Christian higher education stands at a critical point in its history. Many institutions face declining enrollments, escalating discount rates, fractured faculties, increased mental health needs, and ideological clashes over theology, politics, and culture. These colleges and universities, once considered bastions of evangelicalism, are emerging as battlegrounds in a new chapter of the long-standing culture wars, a tension that proved particularly palpable during the 2016 U.S. presidential election.

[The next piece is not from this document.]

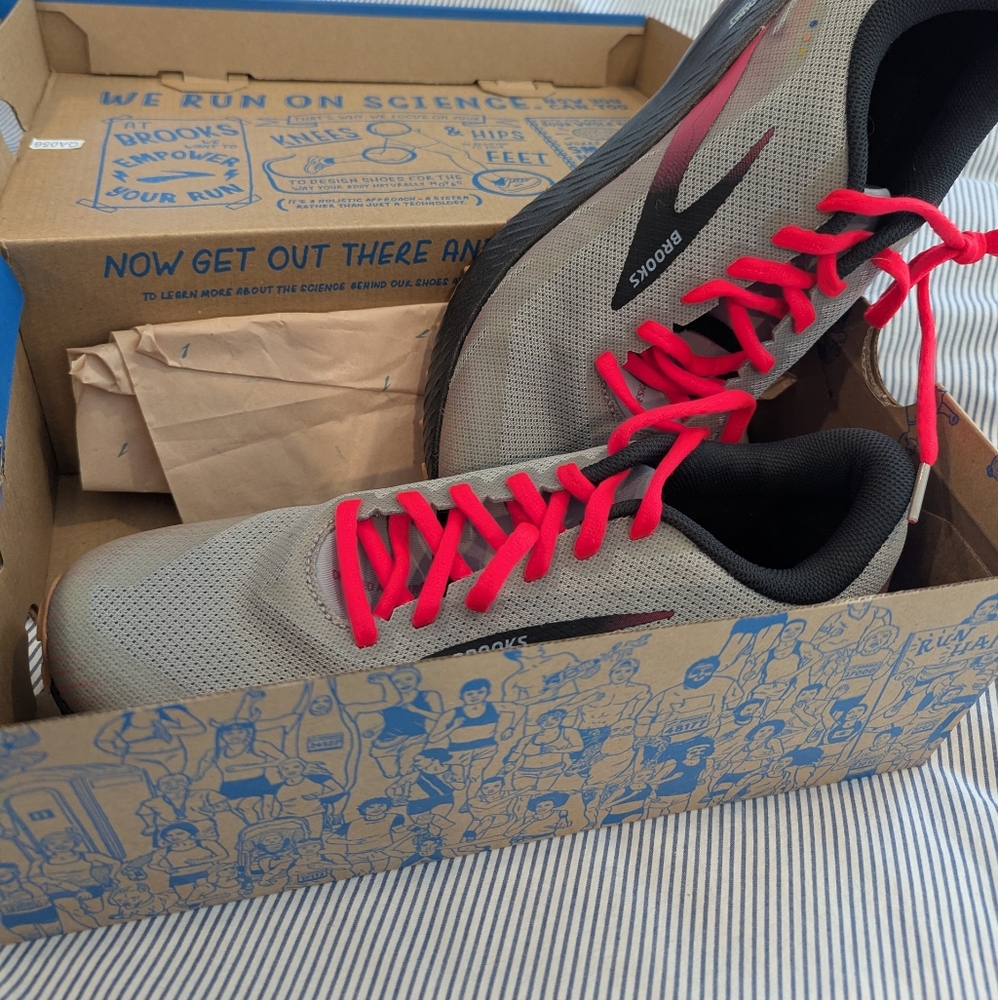 Brooks Catamount Women's 10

An unfortunate casualty of such tumult is the peaceful campus life many institutions took for granted. Racial tensions, financial troubles, and controversies surrounding social issues now continue to threaten the social fabric of these historically small, tightknit institutions. Leaders of Christian colleges and universities must reflect upon what led their institutions to this precipice and, in turn, cast a new vision for campus life. We believe the six themes of community provided in the original 1990 report are just as important and relevant today and have the potential to help us engage the critical issues we encounter today.
HOW DID YOU EXPAND THE ORIGINAL WORK? WHAT DOES CHRISTIAN HIGHER EDUCATION HAVE TO OFFER TO THE HIGHER EDUCATION COMMUNITY?
I’ve edited (along with my colleague Todd C. Ream) this expanded edition. We’ve also included a poignant and thoughtful forward by New York Times columnist David Brooks. This edition also contains essays by some of Christian higher education’s leading chief academic officers and chief student development officers in an effort to aid in the process of reconsidering and translating the ideas found in Campus Life.
The essays in this edition offer a context in which readers can reflect upon the past while also thinking critically about the prospects for the future of campus life at Christian colleges. The contributors explore questions such as:
How can the curricular and co-curricular realms of institutions work more effectively
together to foster a learning environment that develops whole people?
How can Christian campuses serve as laboratories for justice?
Amid the current cultural climate, how can Christian college and university campuses embody convicted civility?
How can Christian campuses model forms of community that seek individual flourishing and the common good?
What is an appropriate and Biblical ethic of care toward today’s students and faculty?
How does one honor campus traditions while also embracing change?
WHAT ARE SOME WAYS THIS BOOK CAN HELP CULTIVATE OUR IMAGINATION AND EFFECTIVENESS AS STUDENT DEVELOPMENT PROFESSIONALS?
I think this book can help in four main ways. This book can help professionals:
- Explore the challenge of the fraying of the communal fabric that long defined Christian colleges and universities and promote helpful ways forward.
- Cultivate a theologically informed vision of community to help frame conversations in light of the general call to Christian discipleship.
- Discover effective partnerships with academic affairs which help cultivate campus community.
- Learn from the practical wisdom of our peers who are wrestling with the most pressing issues of the day.